大江山と気動車《36》外出自粛でも旅の気分
京都府の福知山駅を発車したバスは徐々に坂を登ってゆく。丹波と丹後の国境の峠をトンネルで抜けるとあとは坂を海まで駆け降りるだけだ。目指すは与謝野町加悦(かや)である。あっ、地図を見ると右にある山は大江山と記してある。小式部内侍による百人一首の歌の山だ。
大江山いくのの道の遠ければまだふみも見ず天橋立
高校生のころ古文で暗記したあの歌である。若いころの努力は記憶に残る。
ゴーッと軽い音で走るガラガラのローカルバスの座席で、自分に感動していた。確かに加悦の先には天橋立があり、それは午後に見物するつもりなのだ。車窓にはどれが大江山かはわからぬけれど、それは構わない。加悦に行くために選んだルートにこんな素敵な出会いが隠れていた。いいじゃないか小さな旅の発見。

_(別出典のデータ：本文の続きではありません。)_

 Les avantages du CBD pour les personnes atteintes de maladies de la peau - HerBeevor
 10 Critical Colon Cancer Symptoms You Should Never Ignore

大江山はどんどん右後方に去ってゆき、バスは直線の緩い下り坂を走り、降車予定のSL広場西バス停が近づく。バス停からはのどかな田園地帯を歩いて、野田川を渡るとSL広場だ。ここは1985年に廃線となった加悦鉄道の駅舎や車両を中心に国鉄の蒸気機関車なども保存展示されている。名前はSL広場なのだが、私のお目当ては蒸気機関車ではなく(それも見たいが)1両の気動車、ディーゼルカーである。キハ08というそれは、本来機関車が引っ張る客車だった車両にディーゼルエンジンを載せて自走できるようにしたものなのだ。当初はキハ40と呼ばれていたように思う。戦後の輸送需要逼迫の時期に無理やり造ったものの性能面で難があり、使用区間は限られ数も増えなかったという。
その客車改造気動車を子供のころ雑誌の白黒写真で見て以来ずうっと興味があった。客車なので屋根が高い。何しろ一般車には冷房のない時代の車両なので、車内で見上げると現在の通勤電車より多分30cmは天井が高かった。丸くて高い屋根の車両が、朱とベージュの気動車色に塗られて北海道の原野を走っていたのだ。その客車改造気動車の内1両が丹後の加悦鉄道に譲渡され、退役後はここにあることを知ったのは割と最近だった。SL広場ではほとんどの時間をこのキハ08の周りで過ごした。風雨にさらされているので、時々整備されてはいても車体は傷んでいる。それでも初対面の感動は大きく、眺め撮り描いてあっと言う間に時間が経つ。
加悦はもともと丹後縮緬(ちりめん)の産地。今でも、縮緬で豊かだった時代の木造家屋が残る。加悦鉄道は縮緬や大江山山麓で採掘されたニッケルの輸送を担い、海沿いを走る国鉄宮津線の丹後山田駅(現京都丹後鉄道宮豊線与謝野駅)で国鉄と連絡していた。今では廃線跡が田園のサイクリング道になっている。
実はこの原稿を書きながら調べていたら、なんとSL広場は2020年3月31日に閉園になってしまっていた。貴重な車両がたくさんあるのだが、地元では何とか保存をしてゆきたいと表明している。